------ Given data ------
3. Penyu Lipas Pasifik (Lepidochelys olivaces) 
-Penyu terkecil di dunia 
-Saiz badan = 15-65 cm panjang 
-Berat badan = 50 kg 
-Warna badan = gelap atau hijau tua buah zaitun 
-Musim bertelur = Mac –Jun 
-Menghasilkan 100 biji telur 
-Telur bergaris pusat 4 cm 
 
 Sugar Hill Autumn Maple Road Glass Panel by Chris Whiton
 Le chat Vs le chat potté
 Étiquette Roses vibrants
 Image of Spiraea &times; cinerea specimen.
------
Task brief: Starting from the line with "Étiquette Roses vibrants", write out every remaining line of the data above exactly, the final line included, and nothing before it.

Exercise answer:
 Étiquette Roses vibrants
 Image of Spiraea &times; cinerea specimen.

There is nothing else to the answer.